You might justifiably think that this post is a fragment that escaped too soon. But I reached the last two words – “I did” – and felt strongly that I should stop before wading into a pointless attempt to explain or justify what happened. The previous post – “Suspend disbelief – dip toe in water” – gives more detail and sets the scene.

You are not here to verify,
Instruct yourself, or inform curiosity
Or carry report. You are here to kneel
Where prayer has been valid.

TS Eliot – from “Little Gidding”

So since I’ve been mentioning St Non, I owe an explanation of her place in history, which won’t take long since almost nothing reliable is known about her except that she was the mother of St David and legend has it that she gave birth to him on a clifftop in the midst of a thunderstorm near the place where the ruins of an original chapel and the well can now be found. As supernatural endorsements go I suppose that’s a ten out of ten. I always assumed that this birth took place amidst the shrubs and bracken but I have seen a suggestion that she might have been living in a cottage there. Most of the other stories about her emerged during the next 500 years and were catalogued by Rhyfarch around 1095 – five centuries later. What’s undeniably true is that this became a place of pilgrimage quite soon after her death and continues to attract pilgrims even in this secular age when, from my own experience, most walkers fail to notice the well and go straight to the chapel ruins where they take a photo and walk on. There’s a modern chapel nearby which was built in the 1930’s and includes a good deal of ecclesiastical archaeology recovered from the area and built into the unusual altar. The chapel seems to be used only for occasional weddings now. For me, neither the modern chapel nor the ancient ruins hold much attraction; but the well is different.
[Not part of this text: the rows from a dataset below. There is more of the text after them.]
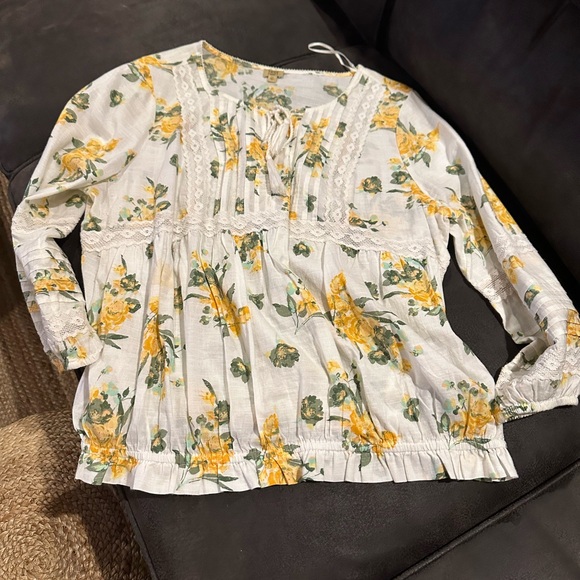 True Craft XL Floral Blouse - Yellow and Green - Picture 1 of 4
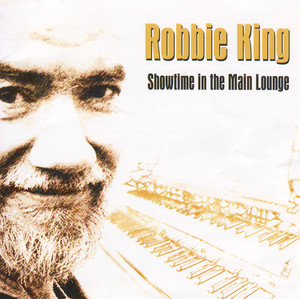 King  robbie   showtime in the main lounge %286%29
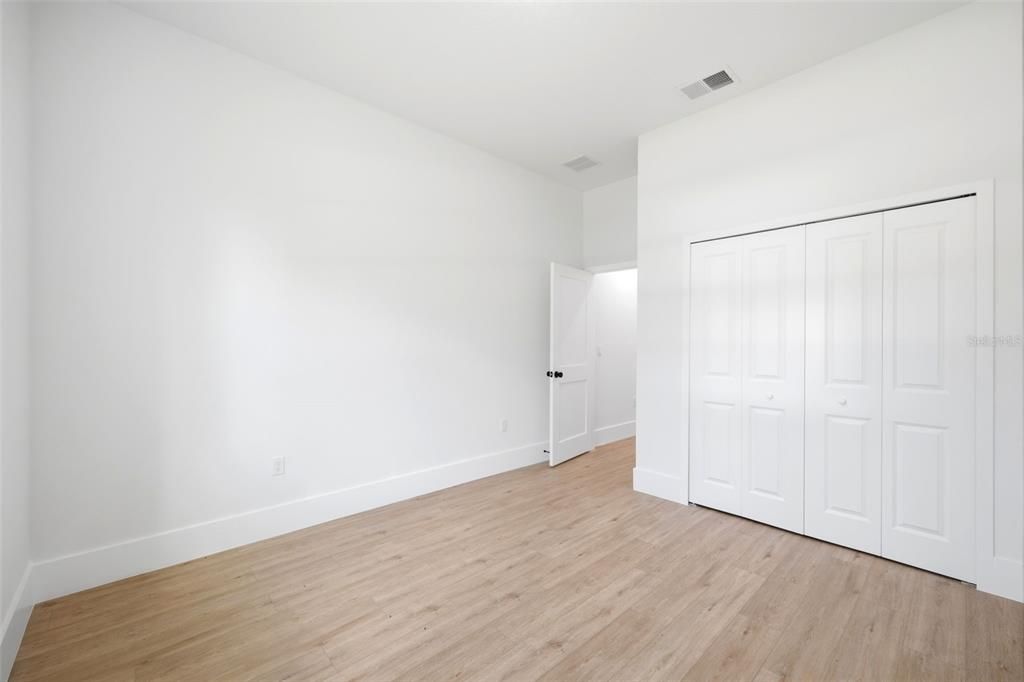 For Sale: $399,000 (4 beds, 2 baths, 1799 Square Feet)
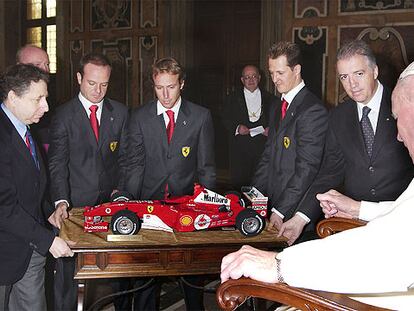 De izquierda a derecha, Jean Todt, Rubens Barrichello, Luca Badoer, Michael Schumacher, Enzo Ferrari y el Papa.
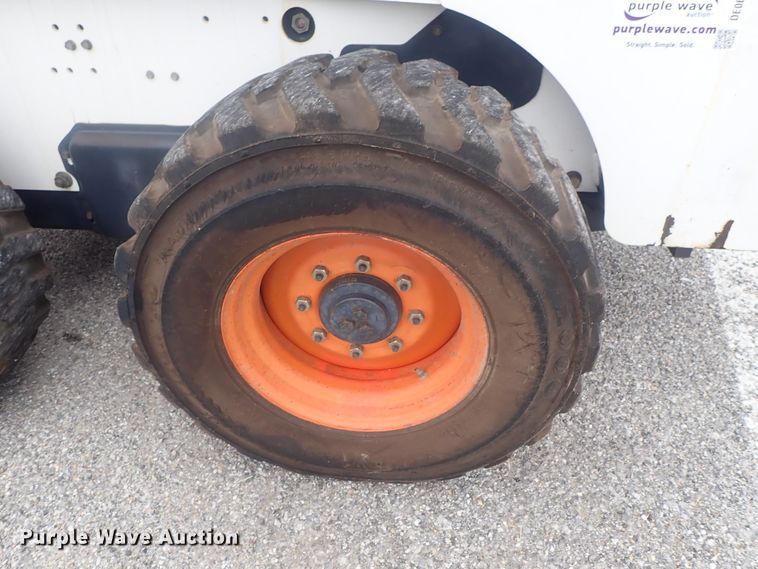 image for item DE0695 Bobcat 863  skid steer loader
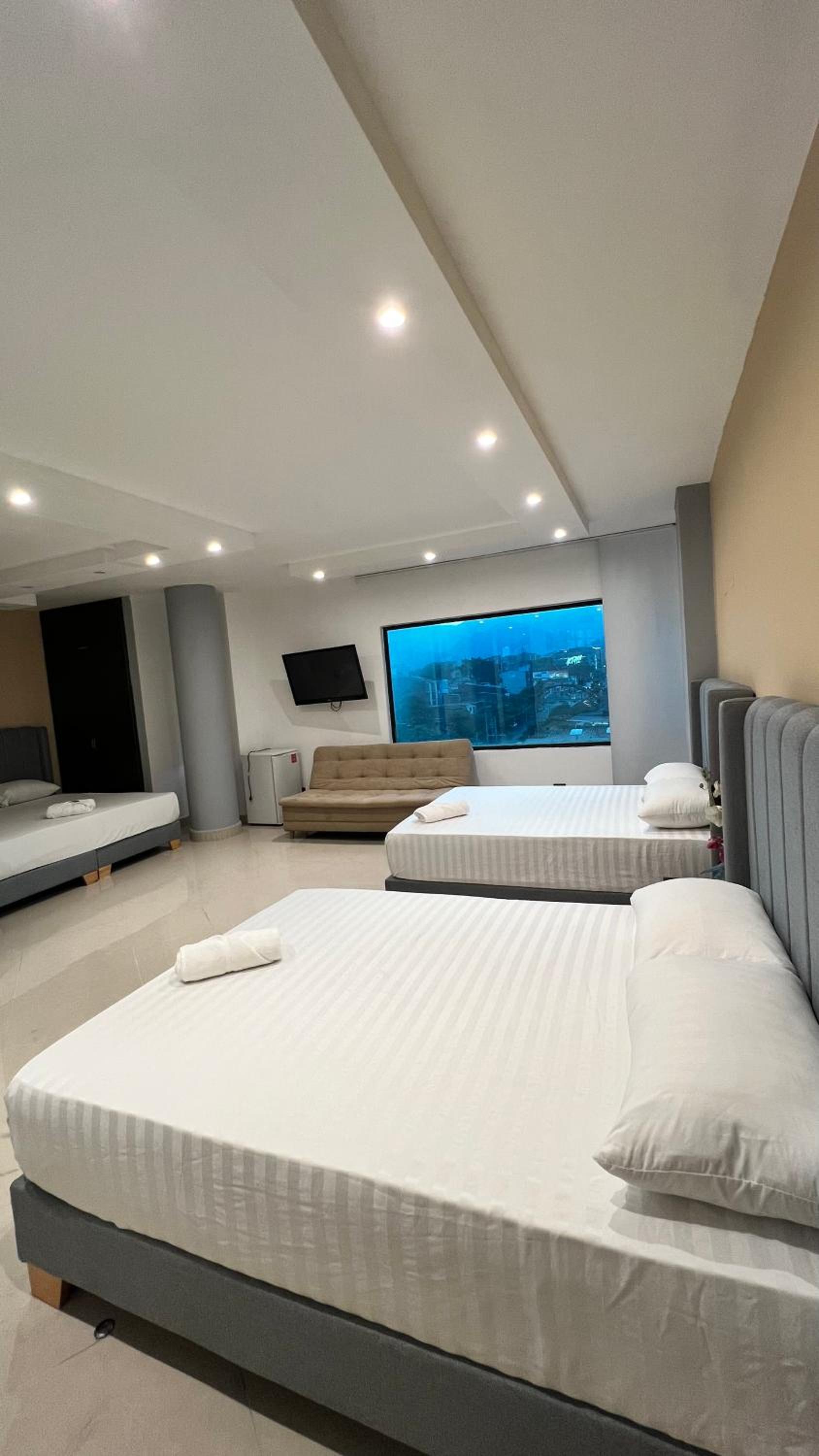 Deluxe Triple Room photo 3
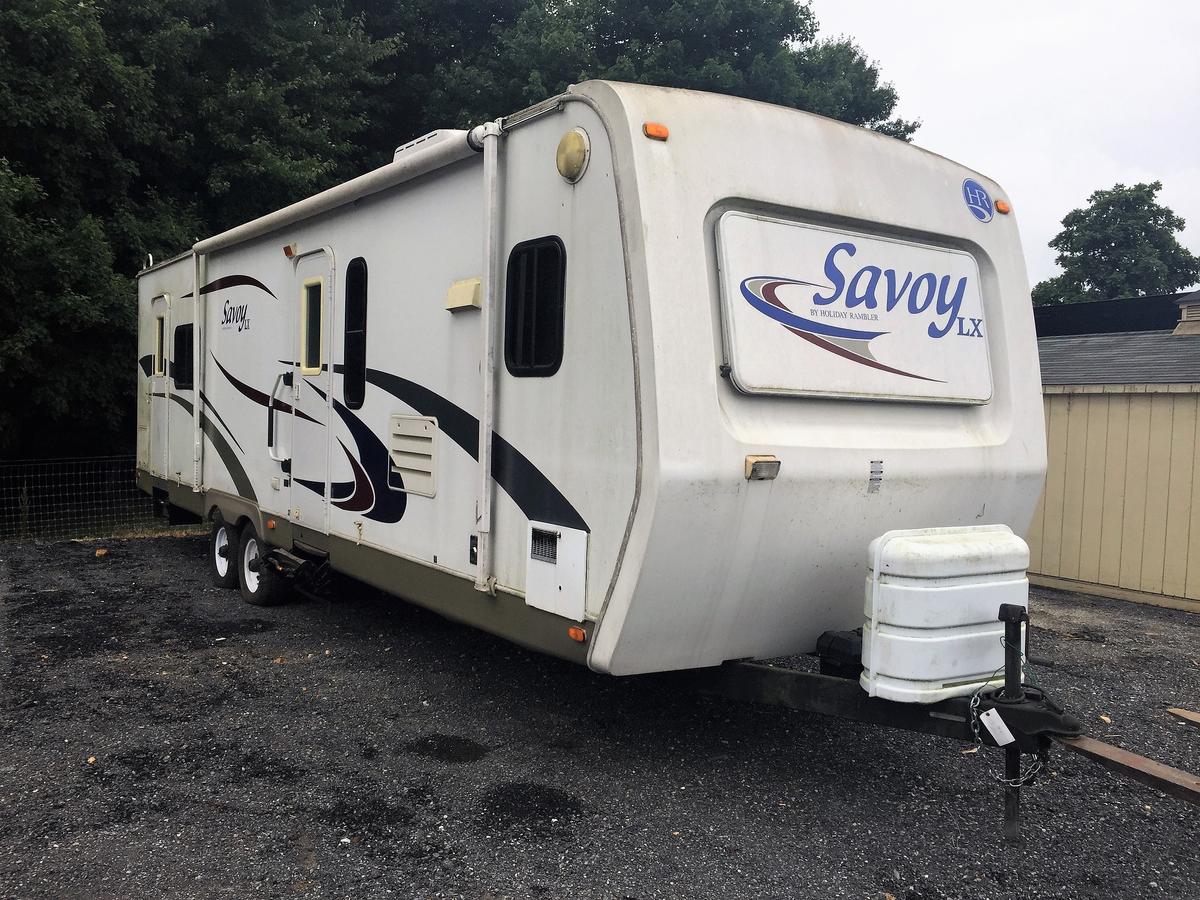 2008 Savory LX Holiday Rambler 32' Camper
I’ve been fascinated by and drawn to wells ever since I was a schoolboy. I would pore over the local OS map and search them out. My first ever was St Aldhelm’s well near Syston which turned out to be a fairly miserable puddle but which was reputed to be good for healing eye complaints. Wells, springs and resurgences – perhaps because their water appears to come from nowhere – have a naturally mysterious quality. As for the links between wells and saints, my best guess is that it’s metaphorical and poetic rather than factual. What’s really important is the capacity of the water, emerging from the unknown, to evoke a change of mood, a kind of meditative openness – if only the pilgrim allows it.

The logical, scientific mind would have none of this of course. “So Dave, your supposedly healing well is dedicated to a saint who probably had nothing to do with it and probably never visited it. Furthermore we now understand exactly how the water, falling as rain, percolates through the ground and emerges at the well, and the supposedly healing properties of the water cannot be identified by the most detailed analysis.” and I would reply “Every word you say is true; but in such a limited way you miss the point altogether. The well, the stories of saints and the water are nothing more than the setting in which the real work is a kind of silent dialogue between the pilgrim and what one 15th century Christian mystic called “The cloud of unknowing”.

No-one knows or ever could know what the emerging water says, because – in exactly the approach of Taoism, Zen Buddhism, Christian mysticism and almost any other religious tradition – the Word – is only heard in the silence when every preconception, theological assumption or personal pleading is put aside. All of which was a rather long winded answer to the question – “Did your ankle get better?” – Well, thanks for asking – but no, not really. On the other hand I did.”